Kora orzechowa
|

Kora orzechowa

Są takie ciasta, które w całości nie powalają smakiem, ale jakiś ich element staje się Twoim ulubionym na długi czas. Tak właśnie stało się w moim przypadku z korą orzechową. Masa budyniowa na soku z brzoskwiń… cóż, mogłaby być smaczniejsza. Następnym razem przygotuję jakieś inne wypełnienie. Ale to orzechowe ciasto – jest po prostu przepyszne. Nigdy nie sądziłam, że coś, co nie ma mąki, może tak dobrze smakować! Kora orzechowa na pewno zagości jeszcze u nas na stole, ale nieco zmodyfikowana.

Składniki

Ciasto

(na formę o wymiarach 30 x 25 cm)
8 białek
100 g cukru
4 żółtka
200 g zmielonych orzechów włoskich
100 g wiórków kokosowych
1 łyżeczka proszku do pieczenia

Białka ubijamy na sztywną pianę – najpierw miksując powoli, a potem na wysokich obrotach. Dodajemy cukier, cały czas ubijając. Następnie dodajemy po jednym żołtku, ciągle ubijając. Im dłużej białka się ubijają, tym lepiej.
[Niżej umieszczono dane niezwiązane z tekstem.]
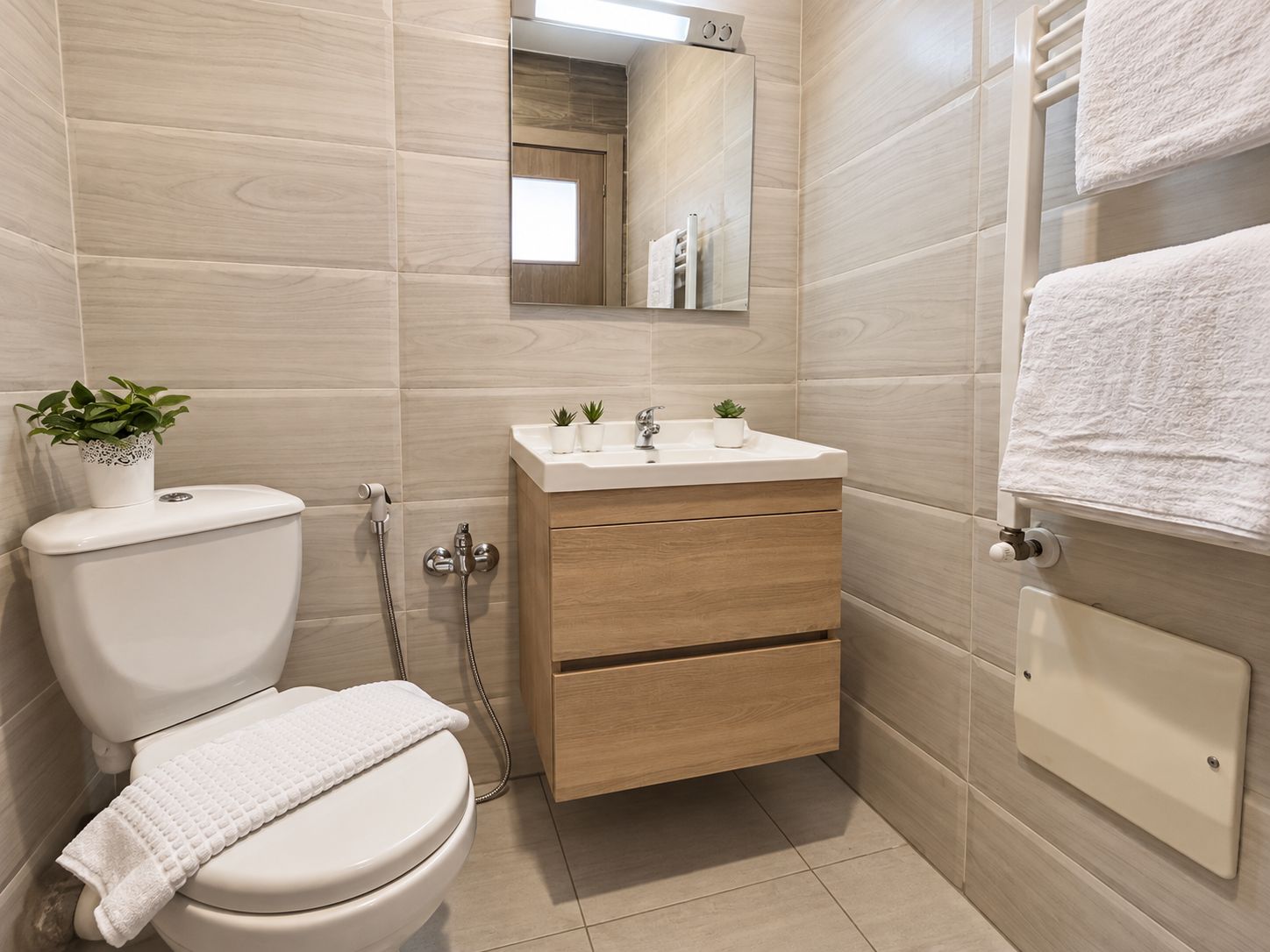A modern bathroom with a toilet, sink, and mirror.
Zmielone orzechy mieszamy z wiórkami kokosowymi i proszkiem do pieczenia. Dodajemy stopniowo do ubitych białek, mieszając powoli łyżką.

Ciasto rozdzielamy na dwie części. Każdą przekładamy do formy wyłożonej papierem do pieczenia. Pieczemy każdy placek w 170 stopniach przez 20 minut. Studzimy na kratce.

Masa

1 puszka brzoskwiń
250 ml wody
250 ml soku z puszki z brzoskwiniami
5 łyżek cukru
2 opakowania budyniu śmietankowego (na 500 ml mleka każde)
1 łyżeczka mąki pszennej
2 łyżki mąki ziemniaczanej
4 żółtka
200 g miękkiego masła

100 ml wody mieszamy z sokiem z brzoskwiń i cukrem. Podgrzewamy całość do zagotowania. Pozostałe 150 ml wody mieszamy z proszkiem budyniowym, mąkami i żółtkami – roztrzepujemy trzepaczką lub widelcem na jednolitą masę.

Wlewamy masę budyniową do gotującego się soku i intensywnie mieszamy trzepaczką, aż całość zgęstnieje. Zdejmujemy z ognia i odstawiamy do ostudzenia.

Do przestudzonego kremu dodajemy stopniowo miękkie masło i miksujemy na jednolitą masę. Do masy dodajemy pokrojone na kawałki brzoskwinie i delikatnie mieszamy.

Upieczone blaty ciasta przekładamy masą budyniową. Całość posypujemy cukrem pudrem.